Zhenya notices that Sid is onto something pretty quickly. The focus in Sid’s eyes was more than enough to convince Zhenya to let things play out.

Sid’s eyes flick across the camp regularly as he pulls gear out of the truck. He hands Zhenya a set of remote stun charges and then straps a set to his own leg. He tips his head to the side as he pulls his tactical vest over his head and slips a 9mm into the holster at the small of his back. Zhenya follows suit, eyes softening at the familiar motions, heart swelling in his chest. 

He loves working with Sid. He loves seeing the way a steely calm falls over him. He loves the deadly way he moves and the way that _nobody_ is better than Sid, and that together they are the _best._

Really he just loves Sid, too. He knows Sid doesn’t love him in the same way – perhaps doesn’t love that way at all. Sid is special, Zhenya knows. So he’s just happy he gets to be the one who makes Sid the best. Sid notices Zhenya looking at him, eyes crinkling with a little smile in response to the deep grin on Zhenya’s face. 

“What?” he asks.

“Nothing,” Zhenya says. “Excited to be in field. Too long since last mission.”

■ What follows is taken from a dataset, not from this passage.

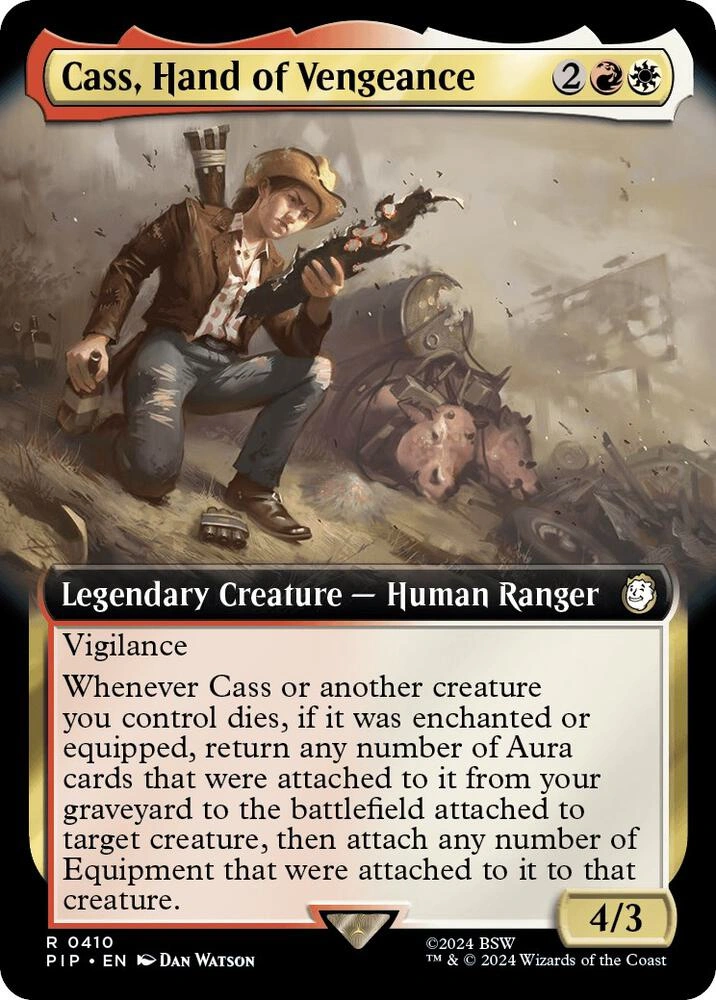 Cass, Hand of Vengeance (Extended Art) Foil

They both get restless when they’re without a mission for a while. Luckily, due to their record, that doesn’t happen very often.

They walk over to Flower to get the ops details. They study the images on screen from Flower’s drones, but a few minutes in, Zhenya notices Sid’s attention has wavered again. He follows the sentinel’s eye line to the tent that Interpol’s been using,and where Teeks and Patty are still hovering. The younger agent seems to be walking the sentinels through some data and Zhenya can’t hear what they’re saying from here, but he knows that Sid can so he doesn’t interrupt. Flower finishes his report and heads in the direction of one of the vans to check his electrical connections. Zhenya waits until Sid pulls his field phone out of his pocket and begins tapping away at the screen.

“What you doing?” Zhenya asks. 

“I’m messaging Mario.”

Zhenya’s brows raise, confused as to what possible reason Sid could have for messaging the head of the North American Sentinel Program right before they’re deployed. 

“Why?”

Sid finishes his message and then looks back up to where Teeks and Patty are following the Interpol agent over to a set of monitors. 

“Because Agent Hart is guide compatible,” Sid says with absolute certainty.

“Hmm?” Zhenya says, considering, looking back over. “To which one?”

Zhenya is happy for whichever one might get a guide. He knows that they’ve been looking for years and years with no success. It would be a very big deal if Teeks or Patty were paired. But when Sid speaks, Zhenya’s head snaps around.

“Both of them,” Sid says, and the words ring in the air.

Zhenya looks back up, eyes wide as he watches as the two sentinels move closer to Agent Hart. 

* * *

**FEBRUARY 2018** – POLICE STATION – EDMONTON

Carter Hart’s world ended three times by the time he was twenty years old. The third and final time is Riley’s fault. He got caught up in things he had no business getting caught up in,and in one bloody night, Carter loses the very last person in the world who would even report him missing if he ended up in a ditch himself. Carter is left alone, again. 

The interrogation room is chilly. Carter is cold, hollow, even as he recounts the events in excruciating detail. A man with a badge reading Interpol stands on the other side of the table, arms across his chest. He keeps asking questions and Carter keeps answering. His eyes ache, completely empty of tears. He has no more to give. 

He hadn’t grown up with Riley. They weren’t brothers, but he showed Carter how to box, how to not start shit with the wrong people. 

He should have taken his own advice.

At the end of it all, after Carter tells him everything, _everything,_ the man tips his head to the side and narrows his eyes to slits. Then he makes Carter an offer, of all things.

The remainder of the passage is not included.